Walk into any bike shop, and you will see the wrenches working on bikes that are held in frame clamps, mounted on sturdy poles set into the floor.  This is pro kit, and you should not be thinking about chipping into your garage floor.  There are many sites where you can see the homebrew efforts of dedicated DIYers worldwide, and can for a few bucks buy plans for your own home-made.  And this is the point when common sense and economics step in.

I could make my own.  There are rectangular-frames, ironing-board frames made from PVC piping, and some ingenious rigs that resemble padded clamps.  A quick costing of materials and the great intangible, time and bother, drew me to the same conclusion - materials + time + effort = home-made frame that will always look homemade, and Heath-Robinsonish. 

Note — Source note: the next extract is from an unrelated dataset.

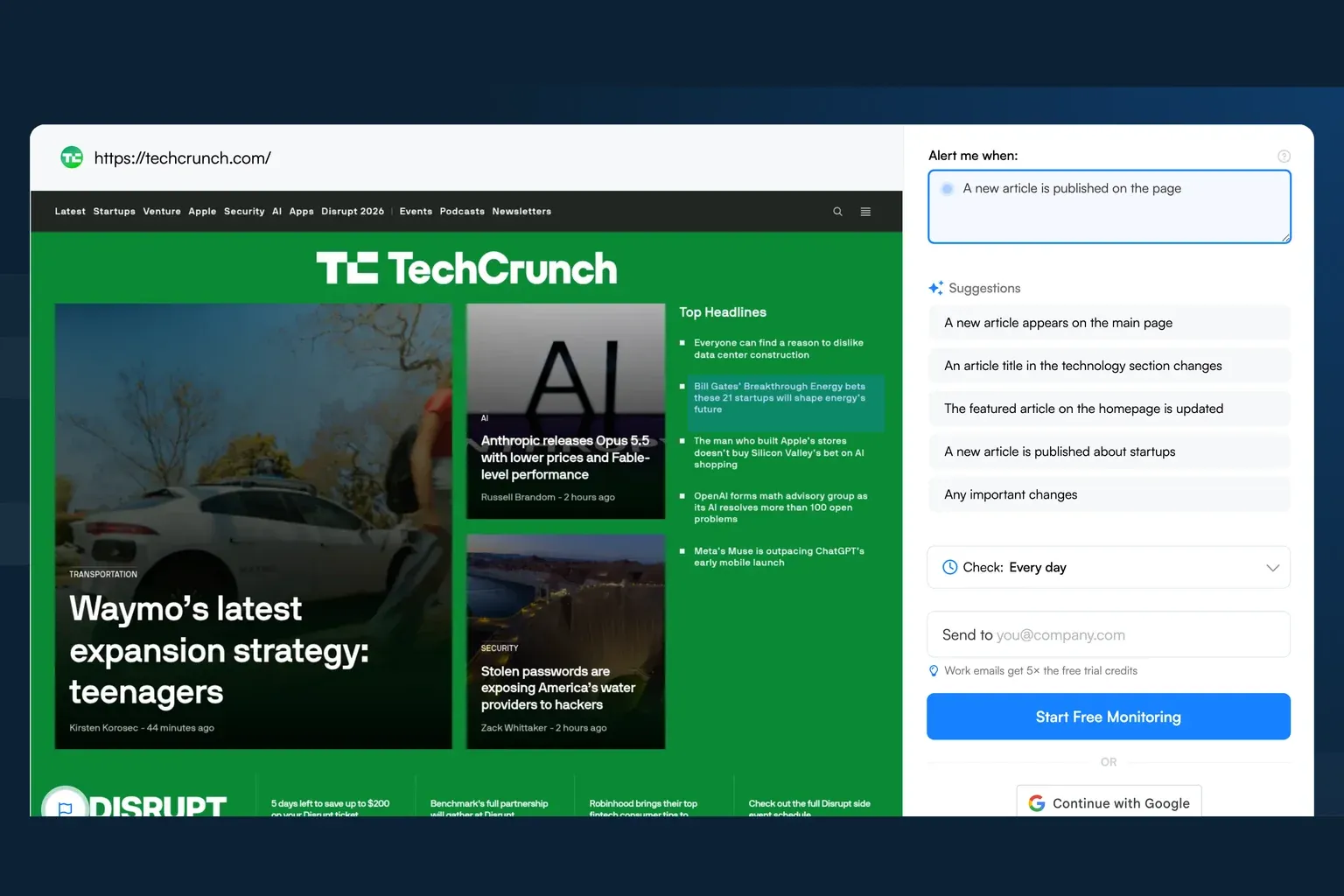 Visualping monitoring the TechCrunch homepage for new articles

As usual I searched the net for the best deal on home workshop stands, including postage to new Zealand.  This last point was the killer - there are many ebusinesses out there dealing in stuff bicycle, but when you start talking heavy things like stands, the deal is off.  
And then...Torpedo Seven, the premier New Zealand online bike dealer, came through with a weekly special on Union Tools bike repair stands, NZ$30 off, with free postage for orders over NZ$100 (which at $116, this qualified).  First deal done.  The crappy shots show it in action, while I serviced a bike for the school team.

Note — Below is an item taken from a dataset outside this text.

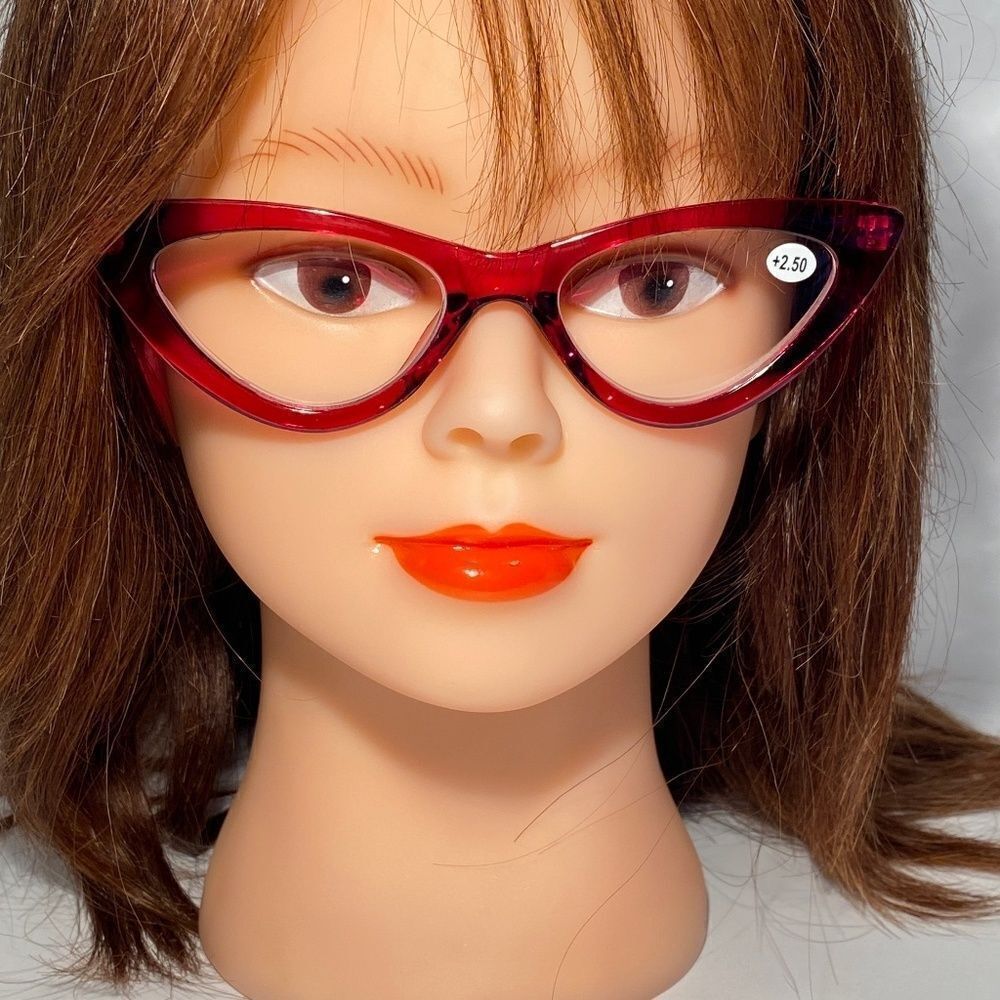 1130 Emma Cateye Reading Glasses 2.50 Red Readers NWT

And on to wheel truing stands.

The builds that I have done so far have involved me sitting on the sofa in the lounge lacing the spokes, and then hanging my bike from the roof hooks, mounting the new build in the drop-outs and using the brake pads to true the wheel.  There has to be a better way, and many home mechanics believe they have the answer.  Ranging from wooden slats recovered from a bunk bed to some old forks held tight in a workbench vice, they all become versions of the same - use brake pads to true it up.

The opportune deal arose with a special from Bikewagon, who (with little effort) convinced me to buy the Sunlite Wheel Truing Stand for the princely sum of NZ$70.86 (postage and exchange rate).  Here it is assembled.

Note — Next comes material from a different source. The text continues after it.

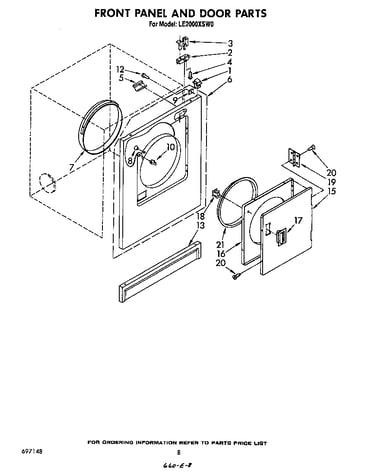 Front panel and door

And that prompts the first warning - there are no assembly instructions.  I am certainly not the first person to notice this, and a 5-second search found this site, with instructions and photos. The benefits of a real truing stand (not homebrew) are simple.  It will sit on any flat surface, e.g. a table, correctly centres (~re is correct spelling!) the hub for accurate truing, includes a marker gauge for rim diameter, and will hold a range of hubs and rim types.  And I do not have to use a bike to help true a wheel.

A work stand and a truing stand are the two main stands that a bike workshop should have, as one holds the bike, the other trues the wheels.  Everything else can be, should be done on the bike.